She's right. Just take out the word desperate.

I've been over this a thousand times in my head, a dozen different ways. I've left a lot of my reasoning out of this. I am totally confident in the essential analysis of my position - the exact specifics are up for debate for anyone who cares.

We don't talk anymore - at all. I tried.

The first two months we lived together I paid her rent in full and never saw a dime of it back. I had no issue with that at the time. No less than four other times in the 15 months we lived together I paid all or a portion of her rent and she paid portions of it back... I don't know that she ever paid 100% of any single month's back.

At least once she made issue of me not supporting her by giving her money. Being virtually broke at the time myself not being an acceptable answer. I often loaned her money and struggled to payday as a result - while she brought home bottles of wine each night.

Care to guess why she couldn't pay the rent?

I was totally willing to lend her a hand on the rent when she was strapped - in my mind it's part of a relationship, helping each other with no expectation of return. I have never specifically asked for the money back - except for when she specifically promised to pay me back, which happened a few times... as I said before, I don't recall her ever paying all of any one month's rent (or other loans) back.

In October of 2003 I lost my job - I was fired for not agreeing to sign a new contract which would cut my pay by about 25%. My settlement covered my November rent.

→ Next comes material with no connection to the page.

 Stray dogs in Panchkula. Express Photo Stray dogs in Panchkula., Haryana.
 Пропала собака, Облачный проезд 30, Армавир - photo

My Unemployment Insurance failed to come in until Christmas Eve. For December rent, it was Mia's turn to cover me. When we started living together, when I paid the first two months rent, we had a discussion about how that was simply part of the reality of a pair of actors in a relationship - there would be times when each of us would have to cover for the other when they were financially down. She actually initiated the conversation. I think she was feeling guilty.

Mia borrowed rent money from her father.

In July this past year she phoned me - the ONLY time after we split that she ever phoned me without me initiating.

"Jody (her roommate) is in financial trouble. Can you pay me back that money you owe my Dad?"

If her father ever phones me for the money I'll consider paying him back. But not until he's heard why he should be asking his daughter for the money, not me.

He's never called. Neither has she.

How much you want to bet that Jody was, at worst, no more financially strapped than Mia?

I've never called her since. Too mad. Too insulted. Too much time wasted on her already.


Now it has been a year.

When someone dies, it is said that the hardest time is the year after - the first time you have to go through all the various benchmarks - birthdays holidays - without.
I suspect the same holds true to relationships.

A few days ago I told Eden that I felt like she wasn't having to compete with a memory as much as she was when we began.